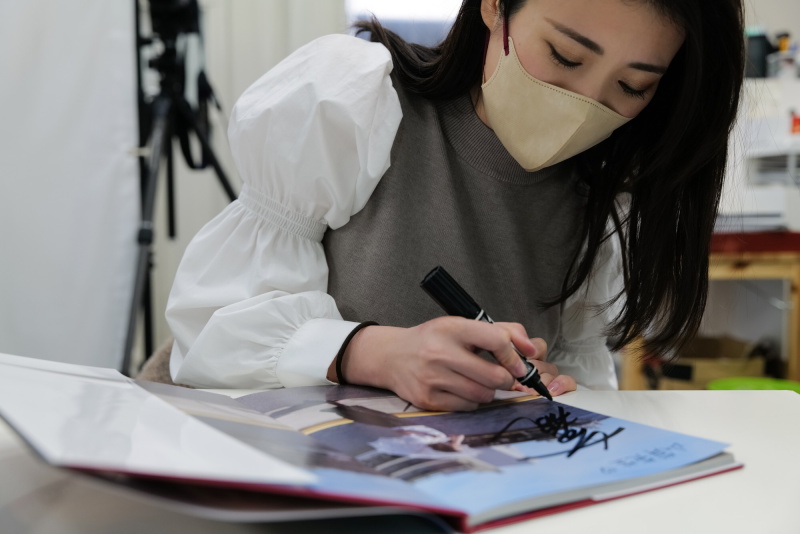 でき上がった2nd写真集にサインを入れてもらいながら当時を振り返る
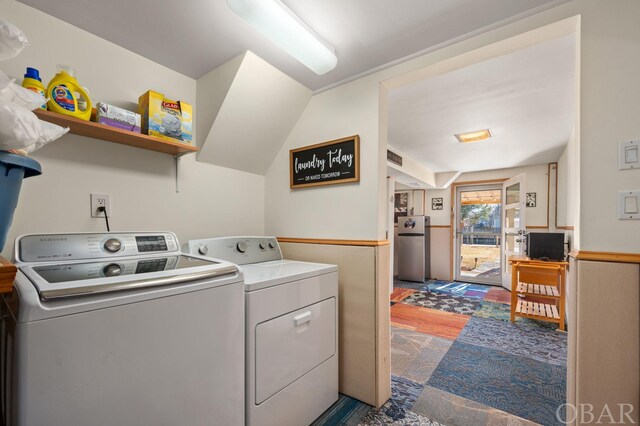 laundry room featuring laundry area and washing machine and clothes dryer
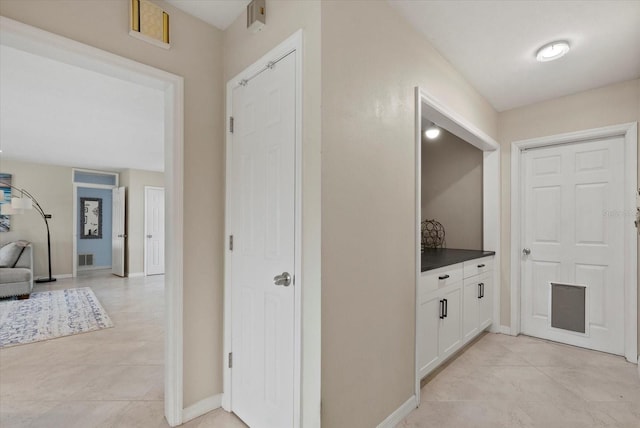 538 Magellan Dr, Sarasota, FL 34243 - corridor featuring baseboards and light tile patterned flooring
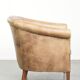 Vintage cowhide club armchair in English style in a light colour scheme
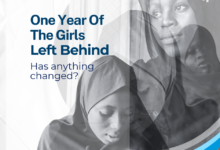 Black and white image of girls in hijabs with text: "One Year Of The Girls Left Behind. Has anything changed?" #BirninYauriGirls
══════════════════════════════
[Your goal]:
Please transcribe every record above exactly as written, leaving out the pictures.

[Response to the task]:
 でき上がった2nd写真集にサインを入れてもらいながら当時を振り返る
 laundry room featuring laundry area and washing machine and clothes dryer
 538 Magellan Dr, Sarasota, FL 34243 - corridor featuring baseboards and light tile patterned flooring
 Vintage cowhide club armchair in English style in a light colour scheme
 Black and white image of girls in hijabs with text: "One Year Of The Girls Left Behind. Has anything changed?" #BirninYauriGirls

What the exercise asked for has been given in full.